Seen
25 November 2018 at Odéon-Théâtre de l’Europe, Paris (as part of the “Festival
d’Automne 2018”; performed until 2 December)
The
young French director Julien Gosselin is known for his long plays; he is not daunted
by modern classics, wordy doorstoppers written by important contemporary male
writers and is eager to make his audiences sit through hours and hours of (multimedia)
performance. After directing Houellebecq’s Particules
élémentaires (2013) and Bolaño’s 2666
(2016), Gosselin and his theatre company “Si vous pouviez lécher mon cœur” have now presented a nine-and-a-half-hour play based
not on one but three novels by the American Don DeLillo, first shown at the
Avignon Festival in the summer 2018, at Paris’s Odéon-Théâtre de l’Europe.
For
Gosselin, the experience of a performance has to be integrated into everyday
life; the play should, as far as possible, form part of the viewer’s day in the
same way as reading a book would.
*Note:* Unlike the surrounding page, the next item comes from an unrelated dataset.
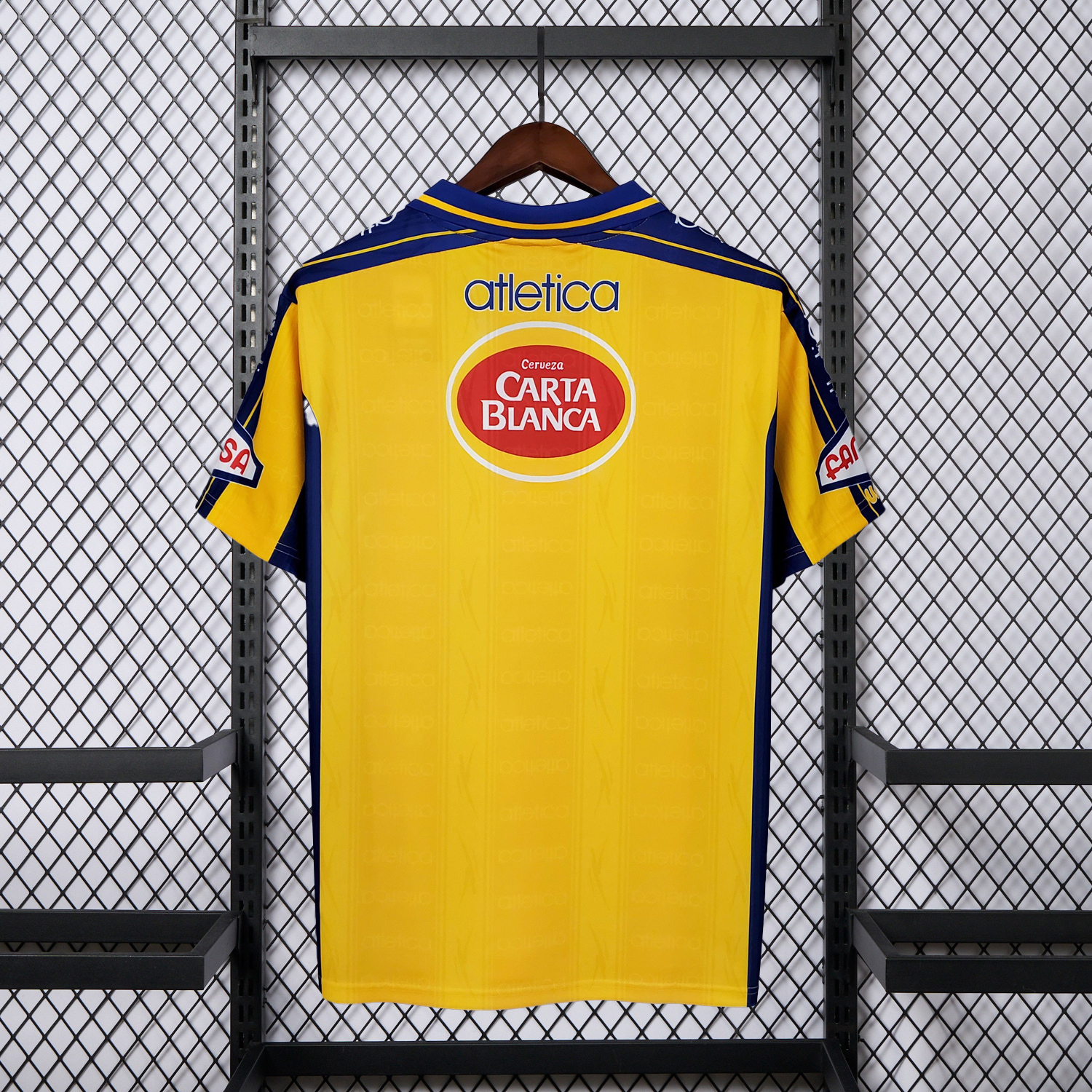 AlphaJersey-Retro Tigres UANL 1999-00 Home Jersey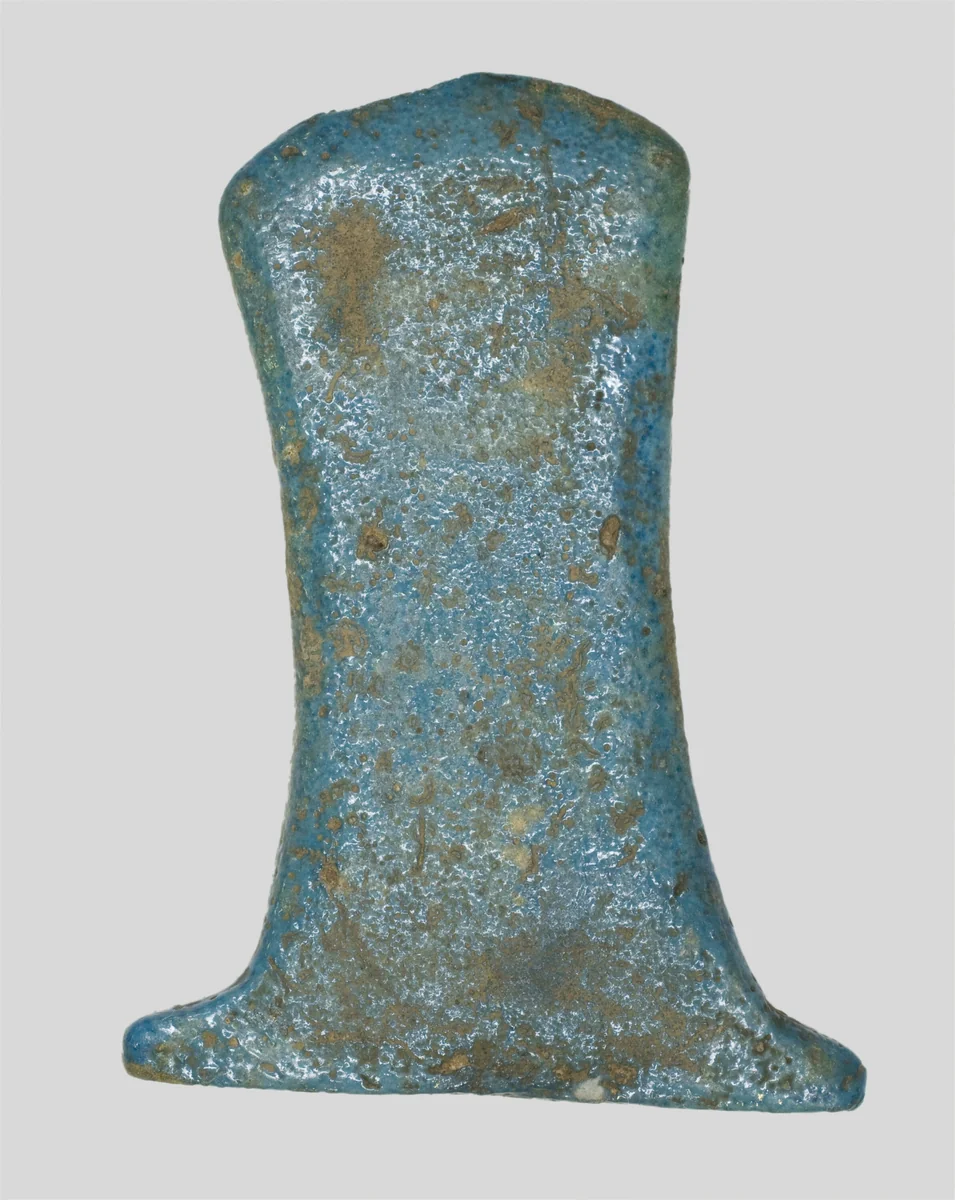 Amulet of an Axe Blade by Egyptian, metalwork, -1550--1069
This is why his shows are so long and the spectators
are allowed to leave the auditorium at any point - and come back if they wish
(despite the discomfort it may cause other members of the audience). Although
there are intervals between the three stories, those are also filled with
shorter performances; in this way, however one may try, it becomes impossible
not to miss at least some of the action that is taking place on stage. Ironically,
my own experience of “Joueurs, Mao II, Les Noms” fits quite well with Gosselin’s
principle of integrating performance into life. I did somehow miss the email
alerting the audiences that the play would start an hour earlier than indicated
on my ticket and arrived very late. The usher, surprised at my distress, told
me not to worry as the “play will continue all day”. Luckily enough, I had just
read around a half of Don DeLillo’s “Players” on which the first part of the
play is based and, when I came to the auditorium, the action on stage neatly
picked up where I had left off. Arriving late, I was probably also better
prepared to sit through to the end of the final piece, based on DeLillo’s “The
Names” that I had read earlier and loved, even though many of fellow members of
the audience, visibly shattered, left the auditorium throughout the third part.
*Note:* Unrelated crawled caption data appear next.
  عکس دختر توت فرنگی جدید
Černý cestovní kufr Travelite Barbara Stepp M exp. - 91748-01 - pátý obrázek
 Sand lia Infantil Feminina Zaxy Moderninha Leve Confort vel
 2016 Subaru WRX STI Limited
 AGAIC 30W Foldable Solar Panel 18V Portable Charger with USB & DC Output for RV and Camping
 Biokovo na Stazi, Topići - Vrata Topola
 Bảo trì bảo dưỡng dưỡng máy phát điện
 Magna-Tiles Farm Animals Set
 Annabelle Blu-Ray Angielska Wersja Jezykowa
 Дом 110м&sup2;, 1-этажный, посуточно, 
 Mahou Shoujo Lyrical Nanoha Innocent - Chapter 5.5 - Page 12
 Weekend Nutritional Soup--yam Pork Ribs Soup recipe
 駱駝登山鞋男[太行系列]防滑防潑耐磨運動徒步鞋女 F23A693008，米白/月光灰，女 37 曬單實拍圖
By the final curtain call, only about two thirds of us remained to applaud the
exhausted actors. Perhaps predictably, it was the second part, “Mao II”, based
on the novel I haven’t yet read, that I enjoyed most. At the end, after nearly
nine hours in the theatre, I felt that I wanted to go back and see it all
again.
The
thread that connects the three DeLillo novels, we are told in the play’s
description, is terrorism, most importantly the emergence of violence as a way
of dealing with social problems in 1970s US and Europe, and beyond. Needless to
say, read now, these texts (first published, respectively, in 1977, 1982 and 1991)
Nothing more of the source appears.